— EXCERPTED RECORDS —
===============
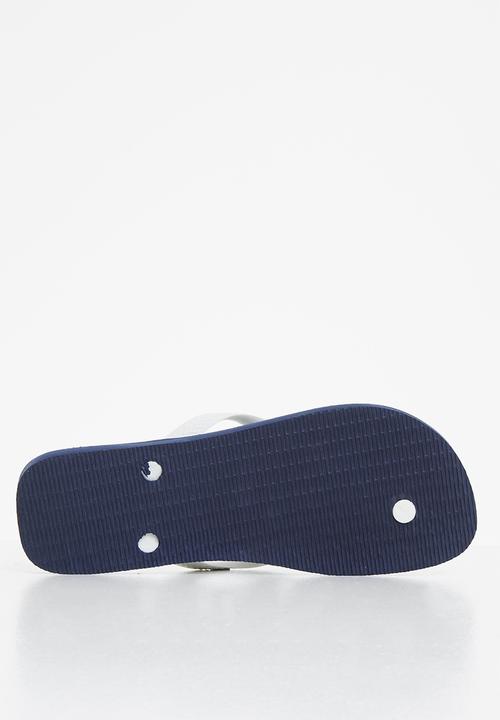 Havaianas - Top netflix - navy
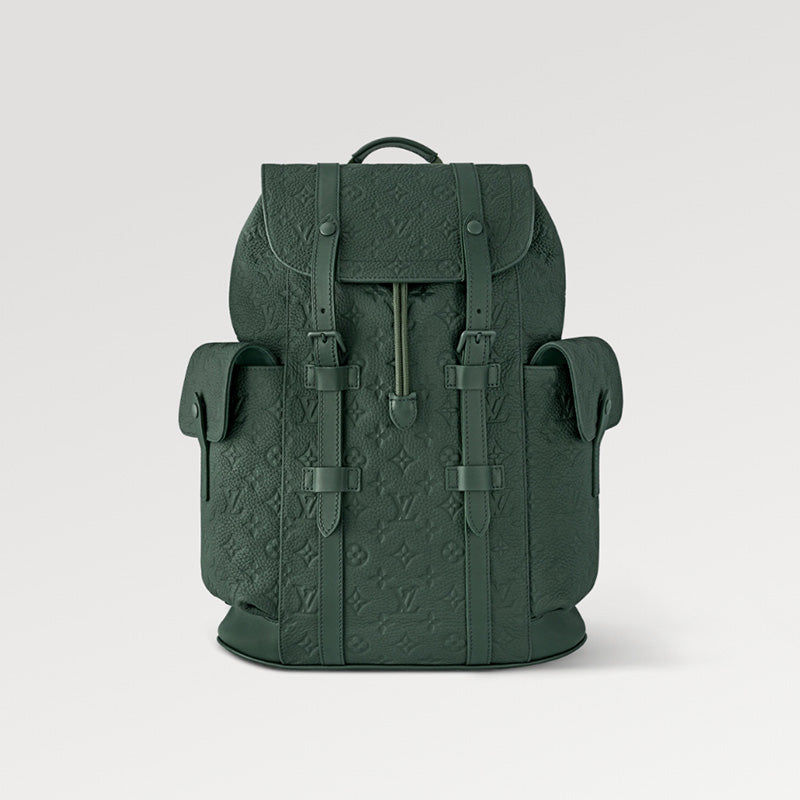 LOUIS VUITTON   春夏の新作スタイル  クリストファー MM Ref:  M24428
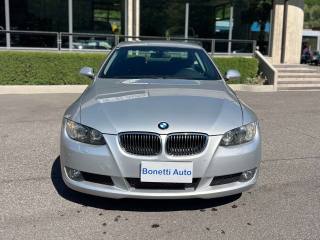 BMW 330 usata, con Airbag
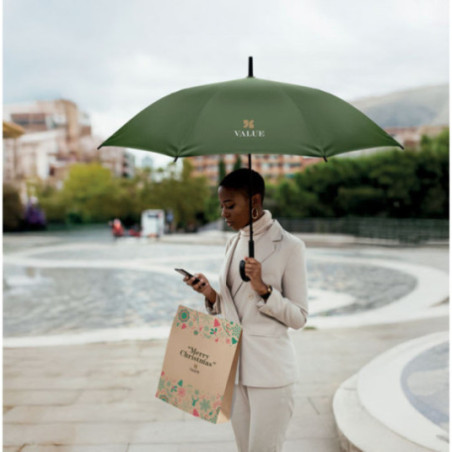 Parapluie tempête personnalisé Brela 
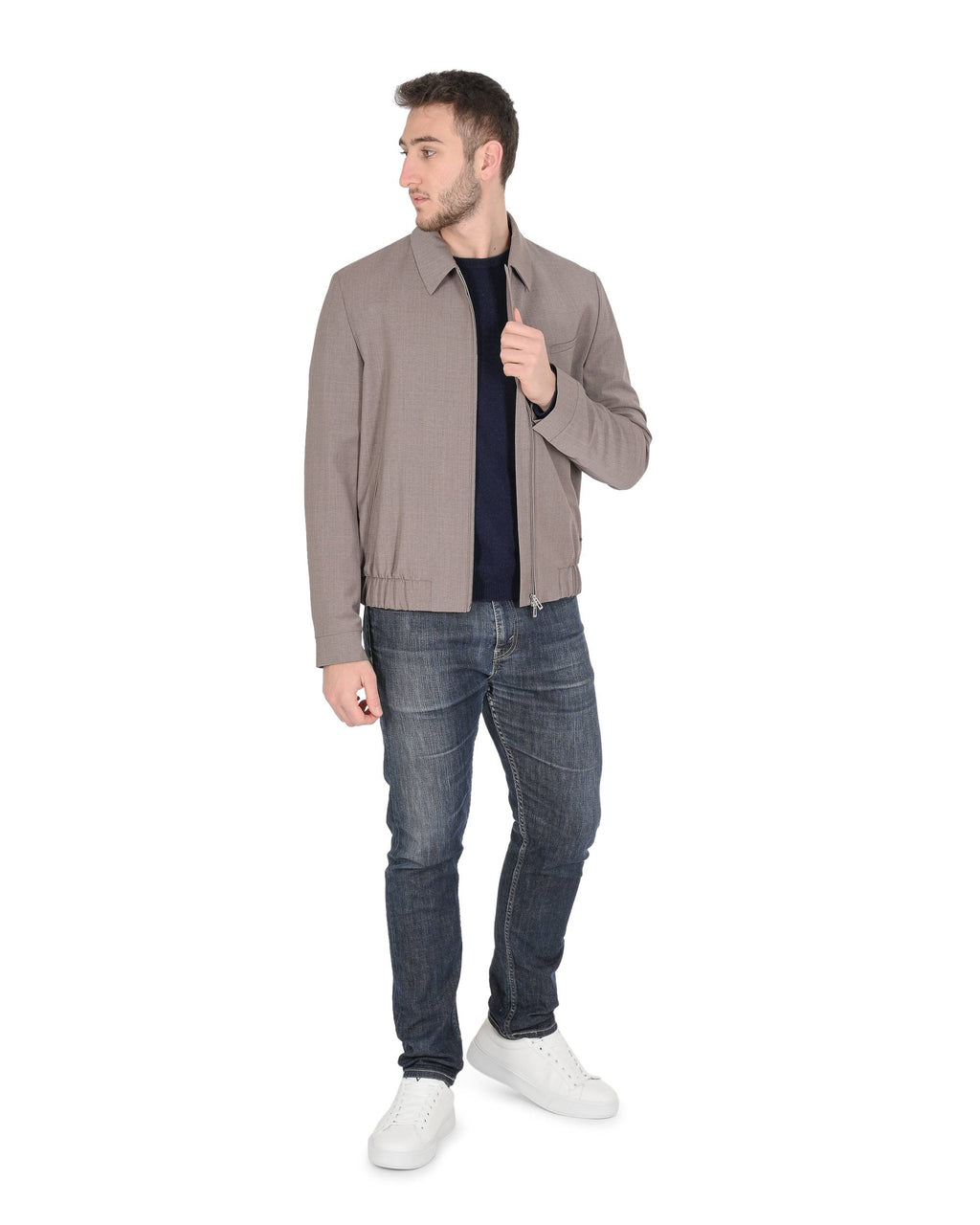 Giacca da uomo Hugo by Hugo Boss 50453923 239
===============
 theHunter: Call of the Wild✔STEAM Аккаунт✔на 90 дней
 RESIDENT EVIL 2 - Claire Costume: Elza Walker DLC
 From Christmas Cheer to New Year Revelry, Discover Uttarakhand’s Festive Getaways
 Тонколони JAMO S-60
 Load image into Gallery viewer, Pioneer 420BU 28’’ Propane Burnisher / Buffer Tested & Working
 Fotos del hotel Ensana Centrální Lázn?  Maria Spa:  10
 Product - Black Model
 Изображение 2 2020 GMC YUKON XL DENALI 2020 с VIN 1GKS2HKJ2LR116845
===============
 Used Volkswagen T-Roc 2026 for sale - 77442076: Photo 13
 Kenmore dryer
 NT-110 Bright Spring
===============
— WHAT YOU NEED TO DO —
Your task is to restate, word for word, only those lines above that fall between the line holding "RESIDENT EVIL 2" and the line holding "Изображение 2 2020", inclusive.

— RESULT OF THE TASK —
 RESIDENT EVIL 2 - Claire Costume: Elza Walker DLC
 From Christmas Cheer to New Year Revelry, Discover Uttarakhand’s Festive Getaways
 Тонколони JAMO S-60
 Load image into Gallery viewer, Pioneer 420BU 28’’ Propane Burnisher / Buffer Tested & Working
 Fotos del hotel Ensana Centrální Lázn?  Maria Spa:  10
 Product - Black Model
 Изображение 2 2020 GMC YUKON XL DENALI 2020 с VIN 1GKS2HKJ2LR116845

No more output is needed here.